_Dataset excerpts_.
+===+

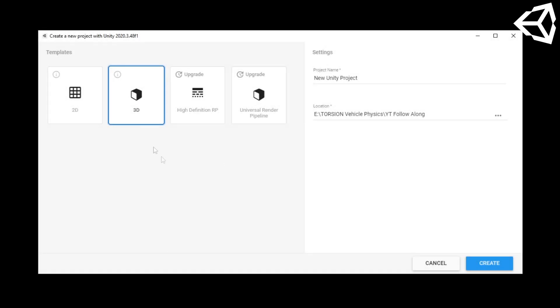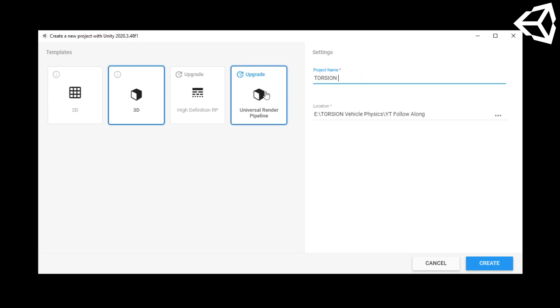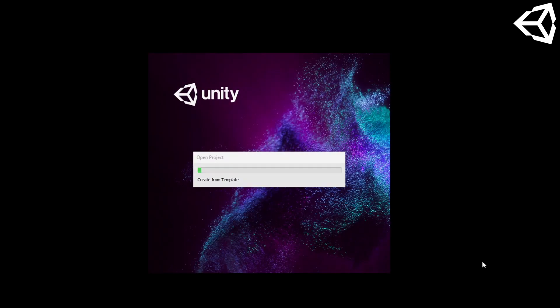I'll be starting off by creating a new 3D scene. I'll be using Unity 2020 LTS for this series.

+===+

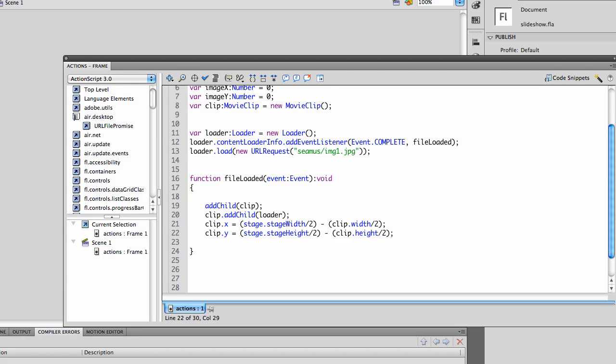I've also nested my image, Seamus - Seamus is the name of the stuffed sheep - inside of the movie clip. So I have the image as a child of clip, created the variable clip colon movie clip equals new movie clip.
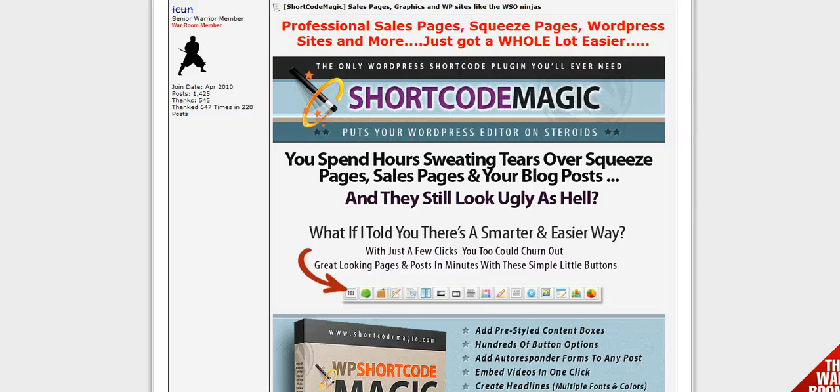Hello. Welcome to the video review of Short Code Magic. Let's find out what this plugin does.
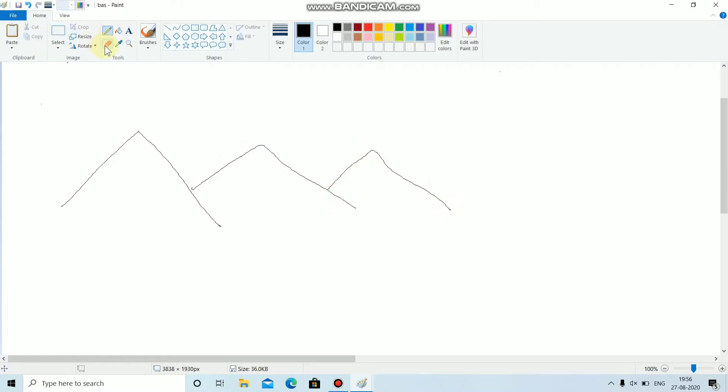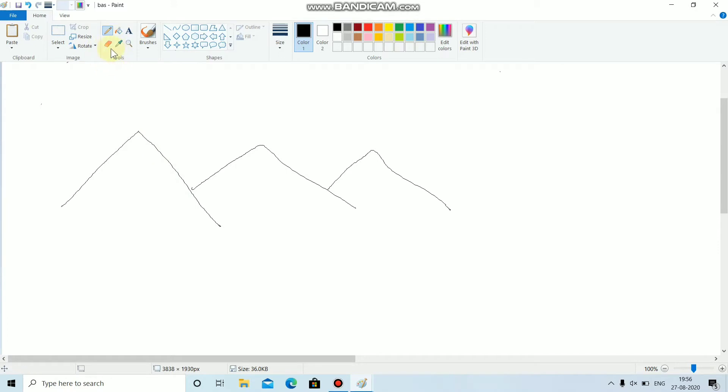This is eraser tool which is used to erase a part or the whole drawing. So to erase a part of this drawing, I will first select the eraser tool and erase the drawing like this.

+===+

_Task brief_. Using the records above, repeat exactly the run of lines that starts with the line with "Hello. Welcome to" and goes on through the line with "This is eraser"; omit each picture.

_Written solution_.
Hello. Welcome to the video review of Short Code Magic. Let's find out what this plugin does.
This is eraser tool which is used to erase a part or the whole drawing. So to erase a part of this drawing, I will first select the eraser tool and erase the drawing like this.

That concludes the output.